However folks, don’t be surprised if you don’t see the promised spending materialize. A new stadium will not turn a skunk into a rose nor can it turn a sleaze into a decent owner.
Fun with numbers…
Let’s suppress our gag reflex, put on protective gloves and spend a moment in Loria’s pocket:
Marlins cost $143,500,000, so this much money is out of his pocket. This is offset by the $120 million from the Expos sale.
-$143,500,000 $120,000,000 ------------- -$23,500,000
Now, let’s factor in the savings of amortizing 50% of the purchase price (which comes in handy for any taxes that may be incurred from the Expos sale) over the first five years:
-$23,500,000 $71,750,000 ------------- $48,250,000
…and toss in eight years of revenue sharing…
$48,250,000 $200,000,000 ------------- $248,250,000
…and equity, in 2007 the Marlins were valued at $244,000,000 an increase of $100,500,000…

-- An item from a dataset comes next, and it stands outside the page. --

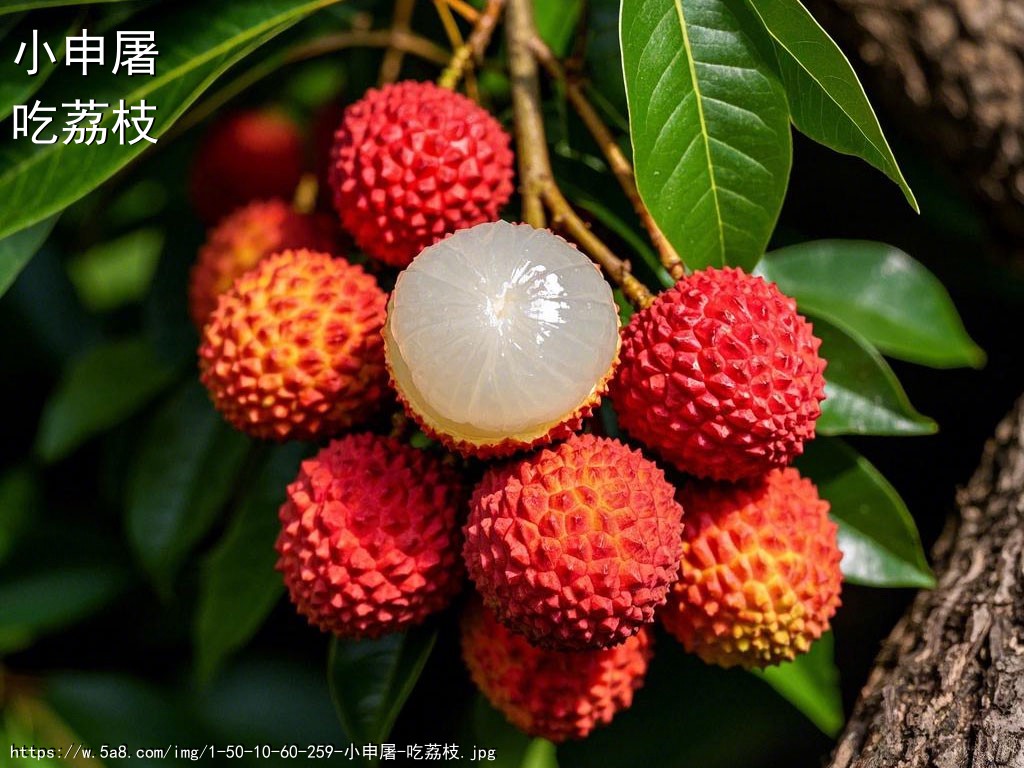 小申屠吃荔枝搞笑图片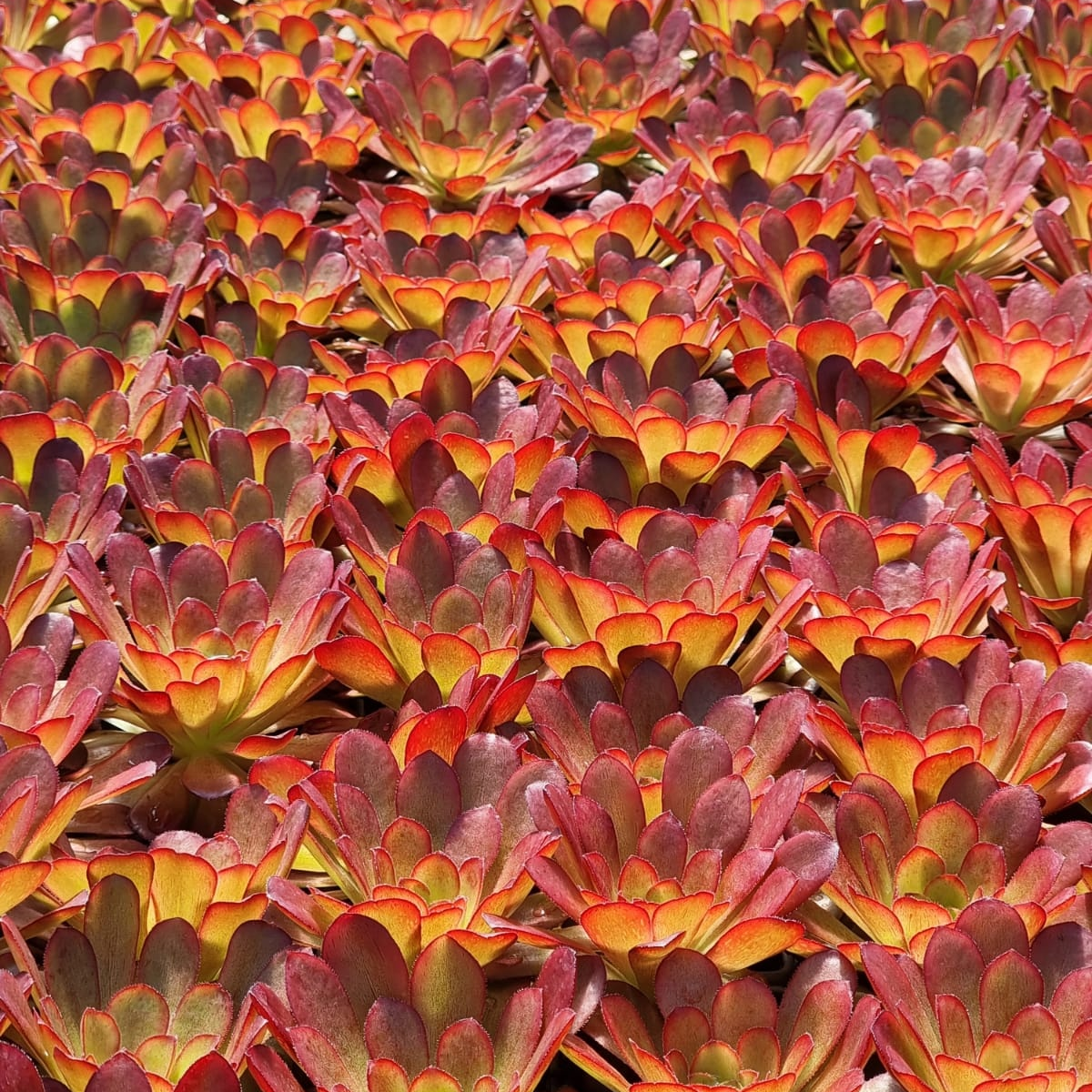 Surreal Succulents Semponium Destiny - Thumbnail 2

$248,250,000 $100,500,000 ------------- $348,750,000
…and for what it’s worth, Forbes estimates that the value of the club can expect to jump at least $40 million in value in the new stadium’s first year of operation.
Therefore, using these few numbers without selling a ticket or hot dog, yet alone receiving national TV money, local TV and radio revenue, or a nickel for MLBAM over eight freaking years do you think they’re starving in South Florida? These numbers aren’t hard and fast obviously, but they do demonstrate that Loria and Samson have been made incredibly wealthy by simply owning the team.
Thanks to the generosity of South Florida, they’re going to become a lot wealthier—just keep this in mind when they claim that the expenses from a new stadium hinder them from having a payroll as high as they’d like to have. If they have a problem with these numbers it’s easy to counteract them—just open the books. I’m sure Andrew Zimbalist and Maury Brown wouldn’t mind taking the time to analyse them, right guys? I’ll post the results here.